Kunal Bahl, Founder and CEO, Snapdeal

Dr Chris Luebkeman, Arup Fellow, Director for Global Foresight + Research + Innovation, ARUP

Prof. Balaji Prabhakar, Co-Founder and Chief Scientist, Urban Engines; and Professor, Electrical Engineering and Computer Science, Stanford University


Haslinda Amin, News Correspondent and Anchor, Bloomberg Television

In the past decade, technology has evolved at such a tremendous speed and radically changed the way we live and interact with each other. Driverless transport systems, multi-use sensors that track everything from energy usage to human traffic, hyper-intelligent buildings, smart city apps and more will become permanent fixtures in urban centres of the future.

These smart urban solutions will enable cities to save resource consumption, slash carbon emissions, increase their safety and reduce the need for inefficient and unnecessary human labour. Emerging technologies such as in the fields of robotics, 3D printing and the Internet of Things will play a key role in the shaping sustainable cities of the future.

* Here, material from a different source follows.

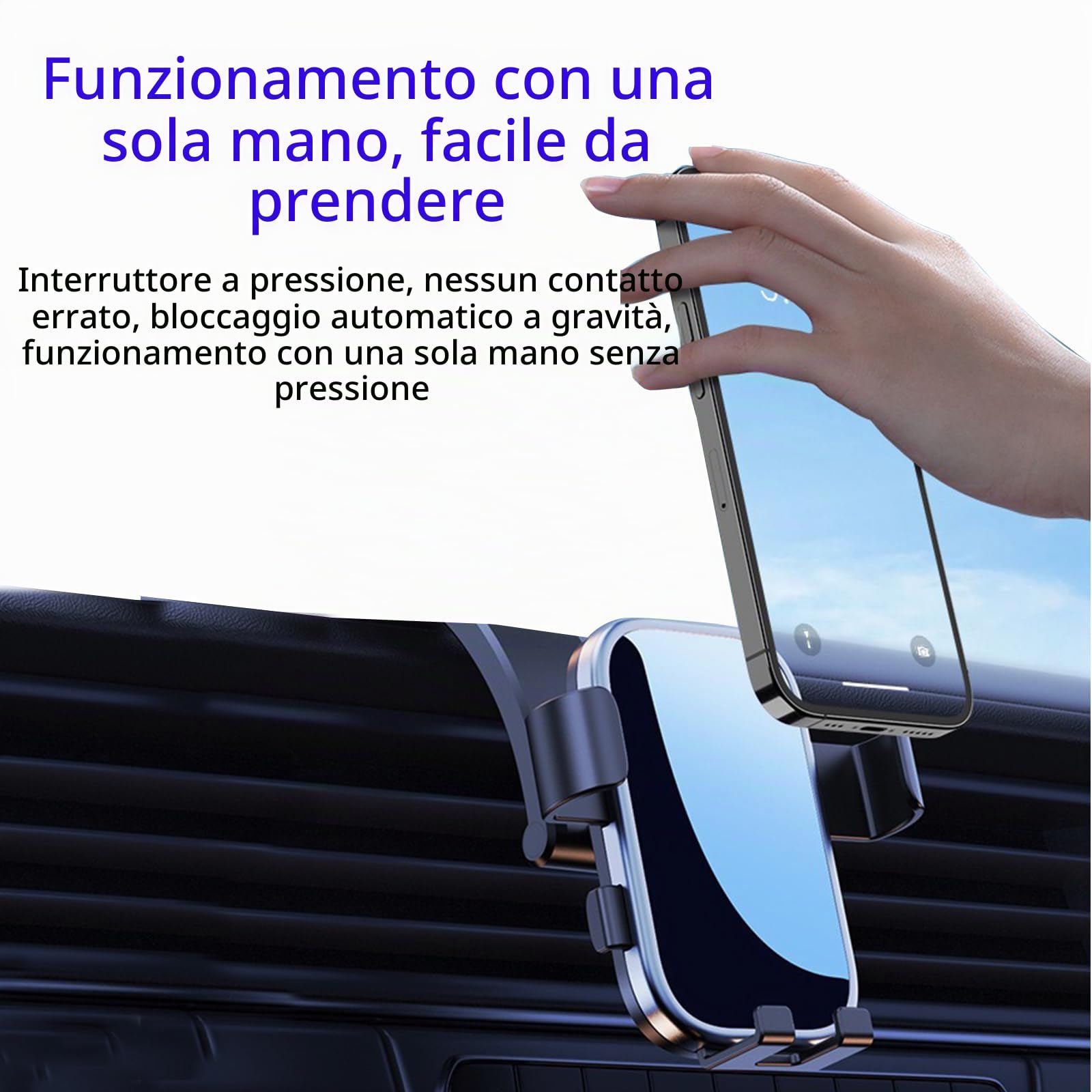 Supporto per telefono da auto adatto per Peugeot 2008 2019-2023, staffa di navigazione schermo per bocchetta dell'aria, rotazione a 360°, supporto per telefono cellulare a gravità per smartphone,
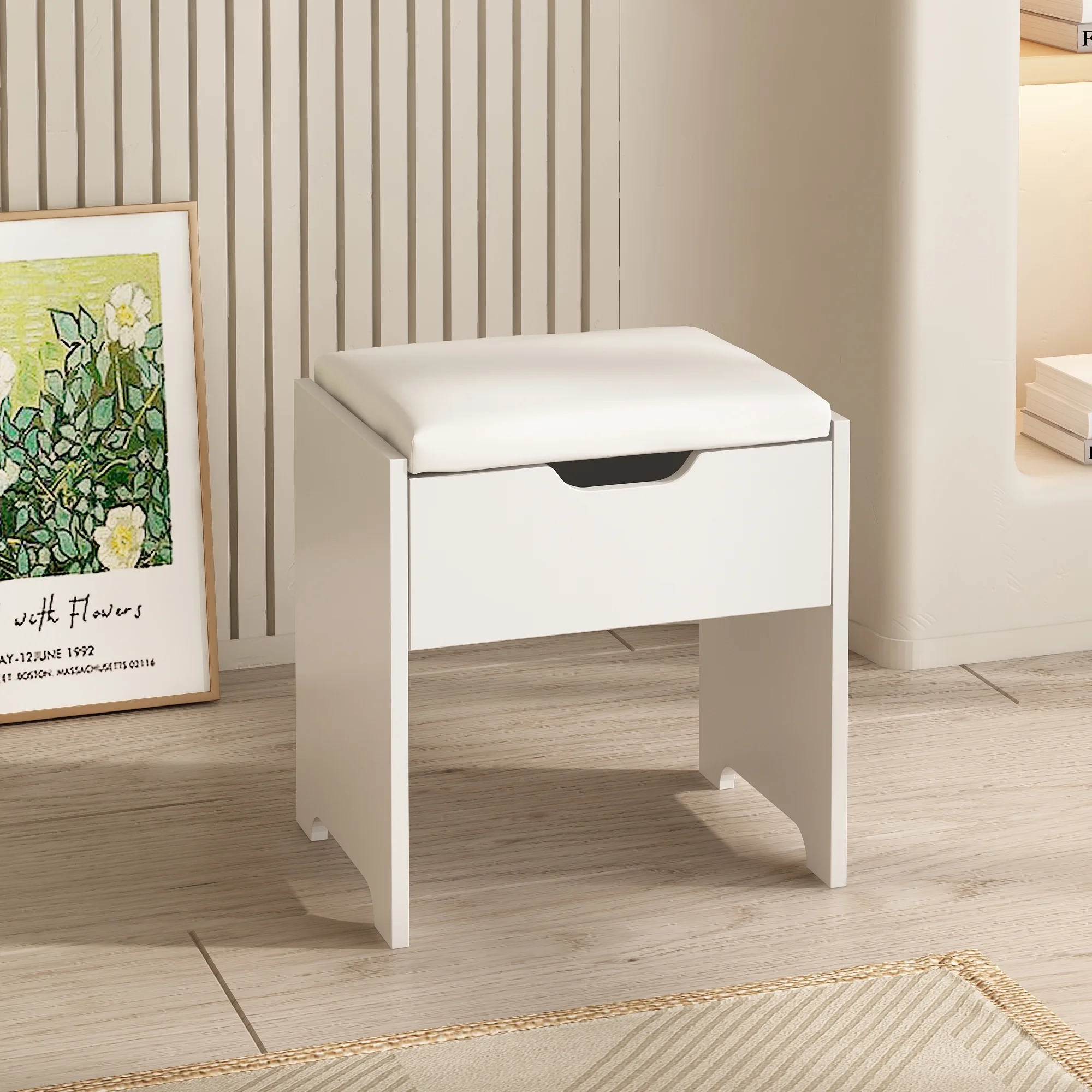 Large Makeup Vanity Set with Light Modern Makeup Vanity Table with Storage and Adjustable Lighting Colors for Bedroom 45.2in, White(White) - Image 10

At the same time, conventional business and economic models are undergoing deep-seated transformation; companies globally are re-thinking the “take-make-dispose” industrial processes and embracing the concepts of the circular and sharing economy. These involve reorganising manufacturing and product design so that materials are returned to the value chains, prolonging product lifespans through repair and refurbishment, and viewing consumption through the lens of temporary services rather than permanent ownership.

With these forces shaping the future, what will our cities look like in the decades to come? Which new economic and social models will dominate our societies? What do companies and governments have to do to thrive in this new innovation economy?  How should we invest now to ensure a sustainable, resilient future? This forward-looking panel will discuss the strategies that we need to adopt, and look at some possible scenarios of urban living in the cities of tomorrow.